◆ **Exercise directions**
Search the data for "sopra" and copy every matching line.
......
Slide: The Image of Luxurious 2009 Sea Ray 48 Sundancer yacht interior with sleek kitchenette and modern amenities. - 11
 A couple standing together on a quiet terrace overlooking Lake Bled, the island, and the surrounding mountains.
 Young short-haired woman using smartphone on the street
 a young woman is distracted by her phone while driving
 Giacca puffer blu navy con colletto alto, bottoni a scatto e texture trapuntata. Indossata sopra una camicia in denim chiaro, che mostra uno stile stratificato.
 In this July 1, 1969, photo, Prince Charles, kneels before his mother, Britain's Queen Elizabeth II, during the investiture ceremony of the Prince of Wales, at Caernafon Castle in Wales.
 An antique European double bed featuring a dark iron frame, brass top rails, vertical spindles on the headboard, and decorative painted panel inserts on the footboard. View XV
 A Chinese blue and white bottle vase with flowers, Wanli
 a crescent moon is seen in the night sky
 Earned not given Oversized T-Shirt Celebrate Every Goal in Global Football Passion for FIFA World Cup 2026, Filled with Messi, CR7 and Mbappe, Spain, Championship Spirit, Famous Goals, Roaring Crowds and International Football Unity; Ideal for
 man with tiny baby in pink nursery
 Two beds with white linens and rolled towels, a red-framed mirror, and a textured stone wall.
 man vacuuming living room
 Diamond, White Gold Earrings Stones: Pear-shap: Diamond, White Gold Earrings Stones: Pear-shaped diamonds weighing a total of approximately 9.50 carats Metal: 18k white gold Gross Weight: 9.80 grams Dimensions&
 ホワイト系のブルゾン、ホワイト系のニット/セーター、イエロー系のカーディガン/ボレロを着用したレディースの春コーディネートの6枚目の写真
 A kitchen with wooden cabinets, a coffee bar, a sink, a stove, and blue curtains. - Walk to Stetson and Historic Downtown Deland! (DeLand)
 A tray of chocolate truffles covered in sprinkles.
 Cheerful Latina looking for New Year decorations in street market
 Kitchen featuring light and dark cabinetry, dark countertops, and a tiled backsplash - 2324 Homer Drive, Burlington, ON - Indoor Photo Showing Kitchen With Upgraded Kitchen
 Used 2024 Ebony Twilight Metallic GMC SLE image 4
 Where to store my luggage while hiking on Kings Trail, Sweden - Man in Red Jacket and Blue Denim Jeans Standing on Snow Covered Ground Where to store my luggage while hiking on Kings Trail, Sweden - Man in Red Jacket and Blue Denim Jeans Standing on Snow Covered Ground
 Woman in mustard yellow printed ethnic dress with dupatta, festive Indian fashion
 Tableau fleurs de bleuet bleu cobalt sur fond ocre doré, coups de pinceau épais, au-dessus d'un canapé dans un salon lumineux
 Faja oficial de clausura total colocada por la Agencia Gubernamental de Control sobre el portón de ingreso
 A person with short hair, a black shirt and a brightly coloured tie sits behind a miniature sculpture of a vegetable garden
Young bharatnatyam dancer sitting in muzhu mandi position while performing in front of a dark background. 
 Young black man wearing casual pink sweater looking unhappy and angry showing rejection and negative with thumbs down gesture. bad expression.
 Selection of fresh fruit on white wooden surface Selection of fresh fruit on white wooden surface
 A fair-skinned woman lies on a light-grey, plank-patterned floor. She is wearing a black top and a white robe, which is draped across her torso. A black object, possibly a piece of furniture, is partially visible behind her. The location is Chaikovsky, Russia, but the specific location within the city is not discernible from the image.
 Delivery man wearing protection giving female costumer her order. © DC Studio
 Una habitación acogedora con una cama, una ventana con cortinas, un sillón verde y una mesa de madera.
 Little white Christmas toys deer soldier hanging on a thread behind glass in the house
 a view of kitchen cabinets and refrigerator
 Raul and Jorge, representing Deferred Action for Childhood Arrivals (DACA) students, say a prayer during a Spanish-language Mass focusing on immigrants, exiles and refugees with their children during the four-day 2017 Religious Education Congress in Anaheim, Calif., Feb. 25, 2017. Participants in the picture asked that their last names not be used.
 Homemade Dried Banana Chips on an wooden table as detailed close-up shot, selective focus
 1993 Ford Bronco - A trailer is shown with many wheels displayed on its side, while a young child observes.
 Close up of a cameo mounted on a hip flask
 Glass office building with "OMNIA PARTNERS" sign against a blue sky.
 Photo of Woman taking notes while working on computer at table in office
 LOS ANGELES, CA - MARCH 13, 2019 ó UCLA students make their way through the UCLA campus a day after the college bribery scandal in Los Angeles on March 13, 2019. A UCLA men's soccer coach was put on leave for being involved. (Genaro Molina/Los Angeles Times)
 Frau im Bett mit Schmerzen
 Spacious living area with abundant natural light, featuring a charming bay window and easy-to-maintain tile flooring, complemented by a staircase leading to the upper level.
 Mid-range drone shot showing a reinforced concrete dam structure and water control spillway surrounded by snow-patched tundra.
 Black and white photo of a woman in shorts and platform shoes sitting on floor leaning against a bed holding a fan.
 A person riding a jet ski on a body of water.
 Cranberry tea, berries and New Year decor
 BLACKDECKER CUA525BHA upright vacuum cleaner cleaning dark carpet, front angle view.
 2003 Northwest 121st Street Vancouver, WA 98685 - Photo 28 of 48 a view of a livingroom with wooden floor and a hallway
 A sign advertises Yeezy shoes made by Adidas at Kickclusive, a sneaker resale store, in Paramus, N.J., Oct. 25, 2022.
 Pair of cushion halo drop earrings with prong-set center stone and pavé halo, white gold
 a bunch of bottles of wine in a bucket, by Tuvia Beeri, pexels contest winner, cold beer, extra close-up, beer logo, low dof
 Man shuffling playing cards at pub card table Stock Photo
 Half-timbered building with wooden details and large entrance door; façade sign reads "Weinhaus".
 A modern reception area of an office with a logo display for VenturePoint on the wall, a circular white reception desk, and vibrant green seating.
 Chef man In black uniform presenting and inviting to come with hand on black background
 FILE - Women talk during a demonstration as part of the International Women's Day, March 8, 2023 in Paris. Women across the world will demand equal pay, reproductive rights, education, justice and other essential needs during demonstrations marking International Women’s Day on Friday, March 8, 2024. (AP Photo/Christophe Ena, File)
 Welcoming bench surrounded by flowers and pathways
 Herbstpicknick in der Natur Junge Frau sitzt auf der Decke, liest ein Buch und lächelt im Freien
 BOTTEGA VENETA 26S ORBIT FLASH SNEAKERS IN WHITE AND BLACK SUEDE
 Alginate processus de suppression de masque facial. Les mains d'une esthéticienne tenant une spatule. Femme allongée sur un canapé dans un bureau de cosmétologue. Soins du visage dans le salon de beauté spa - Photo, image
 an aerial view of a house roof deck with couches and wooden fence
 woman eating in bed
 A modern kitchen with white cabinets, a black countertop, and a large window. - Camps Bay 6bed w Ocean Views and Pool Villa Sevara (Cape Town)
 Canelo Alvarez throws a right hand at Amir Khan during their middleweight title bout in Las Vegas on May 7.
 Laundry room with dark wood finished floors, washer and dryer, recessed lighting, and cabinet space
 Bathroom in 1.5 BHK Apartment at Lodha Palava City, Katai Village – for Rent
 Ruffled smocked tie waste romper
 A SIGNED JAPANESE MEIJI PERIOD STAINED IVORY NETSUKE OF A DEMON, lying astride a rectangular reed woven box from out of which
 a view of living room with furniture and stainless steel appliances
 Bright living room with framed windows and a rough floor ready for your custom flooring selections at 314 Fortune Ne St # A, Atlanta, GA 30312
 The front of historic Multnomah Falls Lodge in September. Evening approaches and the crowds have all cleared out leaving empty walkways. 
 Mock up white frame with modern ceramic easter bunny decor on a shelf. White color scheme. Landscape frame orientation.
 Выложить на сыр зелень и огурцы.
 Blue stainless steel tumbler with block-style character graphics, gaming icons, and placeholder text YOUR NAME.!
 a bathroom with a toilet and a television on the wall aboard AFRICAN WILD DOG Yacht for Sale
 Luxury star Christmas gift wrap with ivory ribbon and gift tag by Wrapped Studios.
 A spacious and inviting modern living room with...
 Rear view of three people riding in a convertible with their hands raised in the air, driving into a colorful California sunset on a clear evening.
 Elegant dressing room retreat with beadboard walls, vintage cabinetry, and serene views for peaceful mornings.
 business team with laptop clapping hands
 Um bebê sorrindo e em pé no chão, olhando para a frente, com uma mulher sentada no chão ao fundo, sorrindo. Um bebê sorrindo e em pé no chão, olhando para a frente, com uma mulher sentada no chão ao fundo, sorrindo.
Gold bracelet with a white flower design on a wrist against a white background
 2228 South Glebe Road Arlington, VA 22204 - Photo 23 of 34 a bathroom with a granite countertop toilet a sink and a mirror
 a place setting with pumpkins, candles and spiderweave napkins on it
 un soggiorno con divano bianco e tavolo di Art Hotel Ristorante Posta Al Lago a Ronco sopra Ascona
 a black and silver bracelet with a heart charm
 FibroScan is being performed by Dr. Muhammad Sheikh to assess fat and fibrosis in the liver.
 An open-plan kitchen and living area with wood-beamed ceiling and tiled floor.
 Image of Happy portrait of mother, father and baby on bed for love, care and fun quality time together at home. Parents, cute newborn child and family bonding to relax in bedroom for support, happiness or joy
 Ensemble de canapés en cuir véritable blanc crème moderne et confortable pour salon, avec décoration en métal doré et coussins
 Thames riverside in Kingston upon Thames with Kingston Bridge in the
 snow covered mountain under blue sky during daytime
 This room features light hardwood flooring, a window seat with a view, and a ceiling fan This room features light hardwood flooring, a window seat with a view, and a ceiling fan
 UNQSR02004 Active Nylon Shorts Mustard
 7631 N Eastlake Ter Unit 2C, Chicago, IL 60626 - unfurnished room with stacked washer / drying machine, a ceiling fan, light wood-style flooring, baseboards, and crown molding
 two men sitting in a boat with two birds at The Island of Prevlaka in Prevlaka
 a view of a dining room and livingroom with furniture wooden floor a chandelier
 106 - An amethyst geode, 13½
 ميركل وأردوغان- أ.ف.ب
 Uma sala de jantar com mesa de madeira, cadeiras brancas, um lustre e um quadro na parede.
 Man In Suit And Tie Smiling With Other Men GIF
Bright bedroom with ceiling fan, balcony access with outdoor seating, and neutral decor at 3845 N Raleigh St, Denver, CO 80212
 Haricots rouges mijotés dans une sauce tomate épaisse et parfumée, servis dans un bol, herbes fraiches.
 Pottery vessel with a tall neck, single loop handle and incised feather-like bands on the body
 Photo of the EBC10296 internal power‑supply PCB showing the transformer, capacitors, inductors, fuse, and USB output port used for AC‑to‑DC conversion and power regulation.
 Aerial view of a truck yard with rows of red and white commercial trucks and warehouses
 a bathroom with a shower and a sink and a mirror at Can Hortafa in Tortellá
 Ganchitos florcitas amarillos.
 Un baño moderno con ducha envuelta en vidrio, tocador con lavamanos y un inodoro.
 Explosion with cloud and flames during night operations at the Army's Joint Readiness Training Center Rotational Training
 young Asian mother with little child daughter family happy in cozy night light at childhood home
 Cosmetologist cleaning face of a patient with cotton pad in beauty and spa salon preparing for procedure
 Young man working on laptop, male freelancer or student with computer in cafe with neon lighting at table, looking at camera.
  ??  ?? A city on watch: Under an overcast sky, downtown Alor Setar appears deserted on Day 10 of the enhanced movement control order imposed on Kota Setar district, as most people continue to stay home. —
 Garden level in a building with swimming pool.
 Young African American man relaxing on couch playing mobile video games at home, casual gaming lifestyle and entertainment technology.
......
◆ **Answer section**
 Giacca puffer blu navy con colletto alto, bottoni a scatto e texture trapuntata. Indossata sopra una camicia in denim chiaro, che mostra uno stile stratificato.
 un soggiorno con divano bianco e tavolo di Art Hotel Ristorante Posta Al Lago a Ronco sopra Ascona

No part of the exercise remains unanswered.